Interview: Melissa Auf der Maur

By JON GARELICK  |  October 14, 2010

What specifically was the nature of your musical education with the Pumpkins?
It was mainly Billy's work ethic — it's in that legendary James Brown realm. My first day in the band I was told: there are no days off, you can't make mistakes, and you can't get sick. I had to learn a massive catalog, including what was at that time one the biggest selling double albums. And remember, they have box sets of B sides. Billy wanted to be able to pull from that catalog at any moment, and we were on a world tour where we quite often opened for ourselves. So we would play an hour opening set and then play a two-and-half hour set of our own. I still have somewhere in my archives a binder. You know I didn't go to Berklee, I don't write music out. I wrote it out in my own cryptic way and I had this binder and I could not play a show without my reference notes, because they would make up a new set list every day. And he was really tough. I couldn't make a mistake and I didn't want to. I did once and he called me out, it was really rude.

What did he do?
He just said, "It's her fault." On stage. And it had been my first week in the band, and it was just the top of the song. But, in other words, there were unbelievable standards which again, I really respect.

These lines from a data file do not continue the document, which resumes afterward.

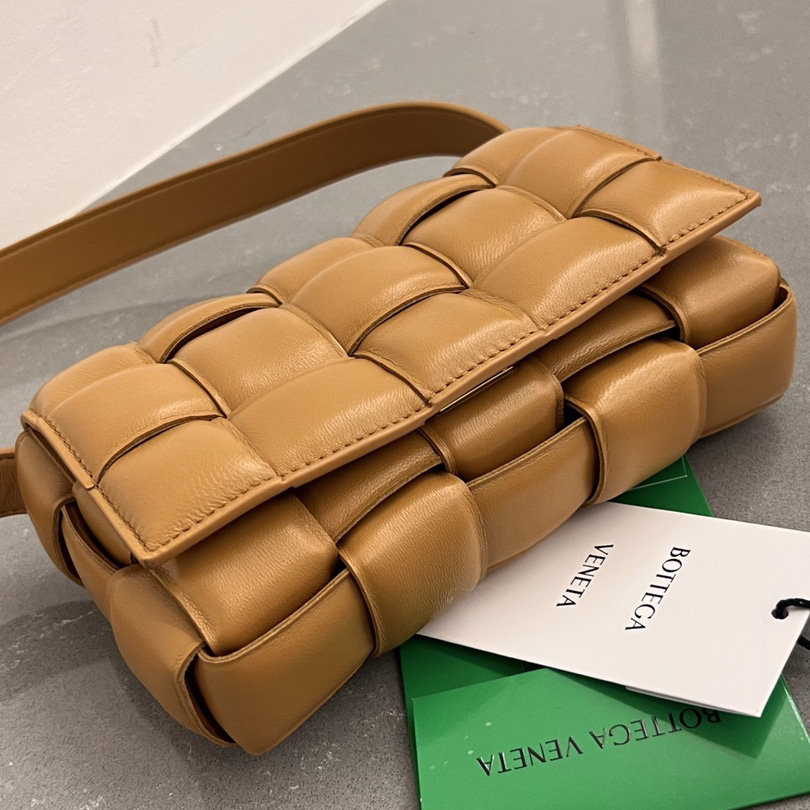 Bottega Veneta Small Padded Cassette - DesignerGu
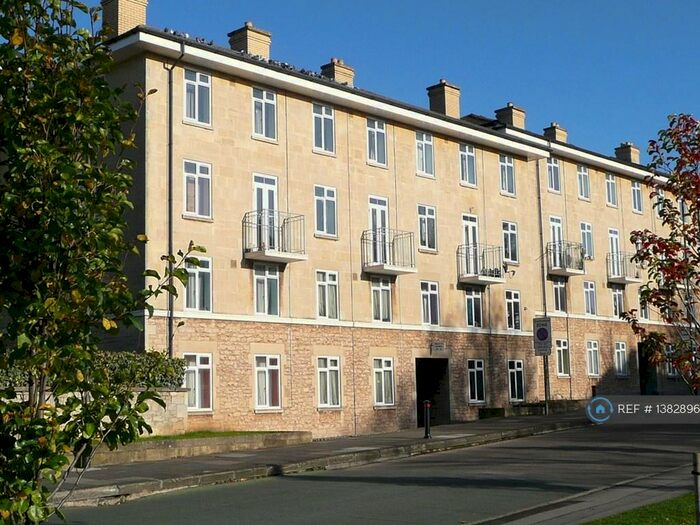 2 Bedroom Maisonette To Rent In Phoenix House, Bath, BA1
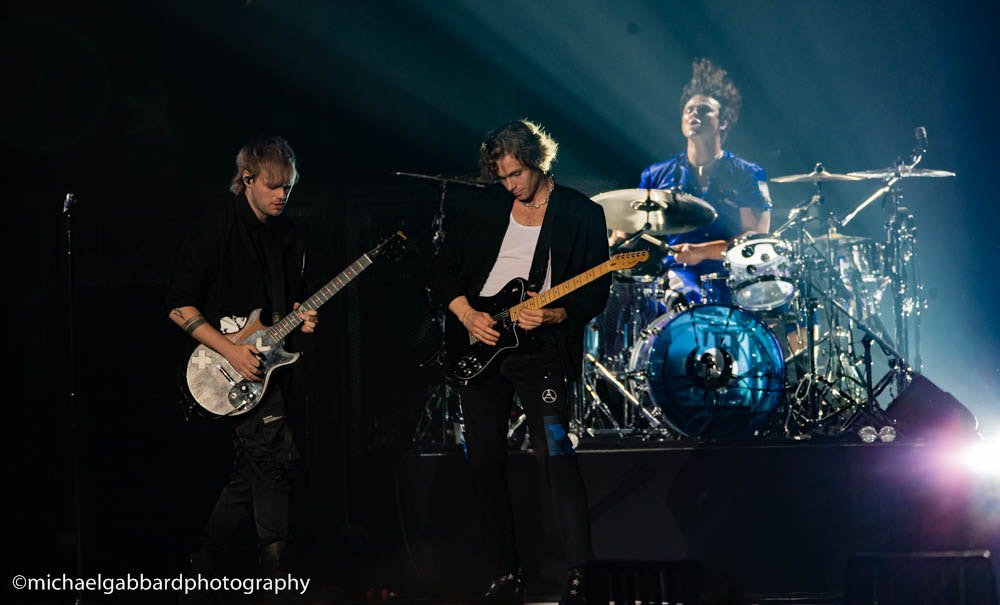 5SOSDATESLAT's tweet photo. HQ | Michael, Luke y Ashton en el primer show del #WWJTOUR en Cincinnati!
📷: Michael Gabbard Photography
#WWJCincinnati https://t.co/VbEnqb6S6d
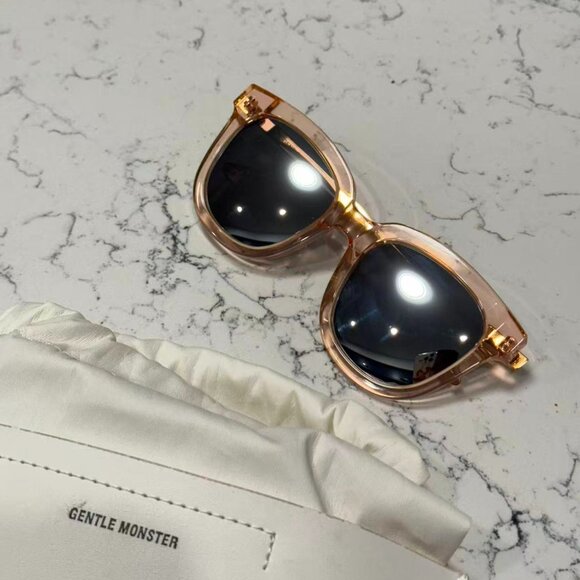 Gentle Monster Sunglasses - Picture 1 of 5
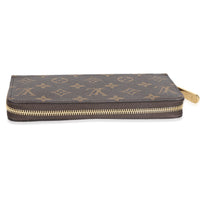 Louis Vuitton Monogram Canvas Zippy Wallet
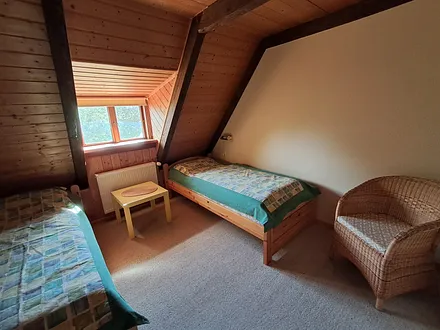 gemütliches Schlafzimmer unterm Reetdach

Now I want to go back and listen to the bass on those records.
Well that was the other thing. He played the majority of the bass on those records. So they were very much his parts. I was given CDs of every album with just the bass and drums, so I had to learn it exactly as it was played on the albums and luckily I had the references because sometimes you can't hear them in the mix and it was amazing. I learned the difference: yeah, you can play a "B" but if you're not playing on the exact same place that he's playing it on the neck, that "B" is not the same "B." It's a matter of the nuances, of how you get up to that note. And now that I'm my own band leader and I have these musicians who come in and have to learn my things I realize, "Wow, had I not had that lesson I certainly wouldn't be as tough as I am right now." It makes a big difference. Because when I joined Hole, my God, I'm almost embarrassed how loose my interpretation was of those songs. Only years later I listened to those records and I thought, Oh my god, I didn't even do them justice. I played my bass parts right and I'm very proud of my bass playing on Celebrity Skin, but I had to learn the other parts of the other players.

How didthe Out of Our Mindsproject start?
It started in New England, in Massachusetts. I spent every Christmas of my life on Cape Cod. My grandparents moved to [Sandwich] Cape Cod in the '70s and I spent a portion of the summer and winter in Cape Cod throughout my entire youth. I was very close with my grandfather, and he died just as I was completing my solo record. I moved out of New York City and moved to Cape Cod when I got off the year tour of my first record. That was actually a completion of 10 years — Hole, the Pumpkins, my first solo record — perfectly nestled within 10 years to the T.